Dia juga menyampaikan bahwa pihaknya dalam waktu dekat ini akan melakukan upaya proaktif kepada korban pencabulan di Tangerang dan anak korban video porno di Jawa Barat.
Ketua LPSK Semandawai juga menambahkan bahwa pada 2017 ada regulasi yang mendukung terhadap korban anak mendapatkan pemenuhan haknya.
Baca Juga: Hukuman Predator Seksual Anak Lebih Ringan dari Kasus Narkoba
"Di 2017 ini ada beberapa regulasi yang cukup baik dalam memastikan pemenuhan hak korban kejahatan. Hal ini kami akan berikan dukungan penuh terhadap regulasi tadi," kata Semendawai.
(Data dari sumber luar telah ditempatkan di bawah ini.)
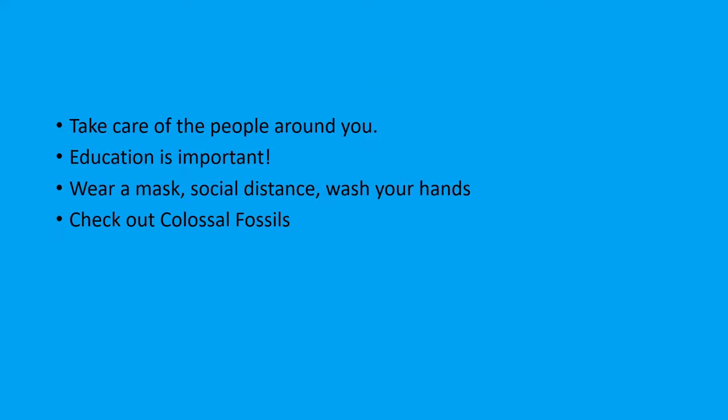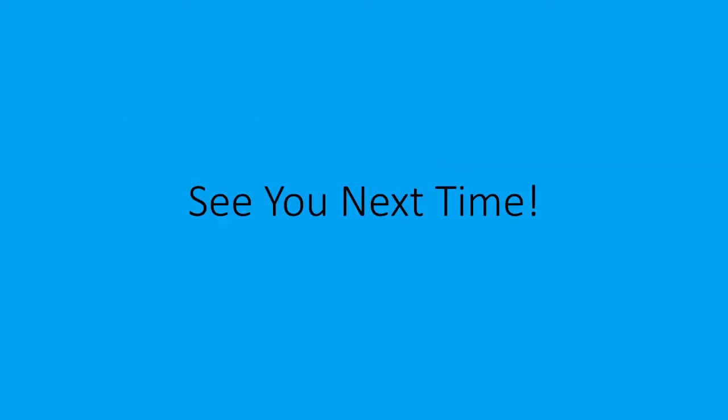Take care of the people around you. For younger people, make sure to listen to your parents, teachers, and guardians — education is very important for getting a good job in the future. Please wear a mask, social distance, and wash your hands to reduce the spread of the virus. Feel free to check out Colossal Fossils — I'll put the link in the description below. I'll also put a link to a recent paper about Barosaurus for you to check out. All right, that's it for now, and I'll see you guys next time.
Ketua LPSK ini menyebut Peraturan Pemerintah (PP) nomor 43 tahun 2017 tentang Pelaksanaan Restitusi bagi anak korban.
Semendawai mengungkapkan dalam PP nomor 43/2017 ini telah mewajibkan kepada penyidik dan penuntut untuk memberikan informasi kepada korban bahwa mereka memiliki hak untuk mendapatkan restitusi.
"Dalam UU lain tidak disebut penyidik penuntut itu wajib memberitahukan kepada korban untuk mendapatkan ganti rugi dan PP ini wajib, baik kepada korban, orang tua, wali dari korban," ungkapnya.
Semendawai juga menyebut kerugian yang dibayarkan adalah meteriil dan immateriil. Selain itu, jika pelakunya anak, maka yang akan membayar adalah orang tua atau walinya.
"Kalau pelaku anak dia sendiri tidak punya harta. Dalam PP ini yang membayarkan orang tuanya. jadi harta orang tua bisa disita untuk membayar restitusi kepada korban," ungkapnya. (Antara)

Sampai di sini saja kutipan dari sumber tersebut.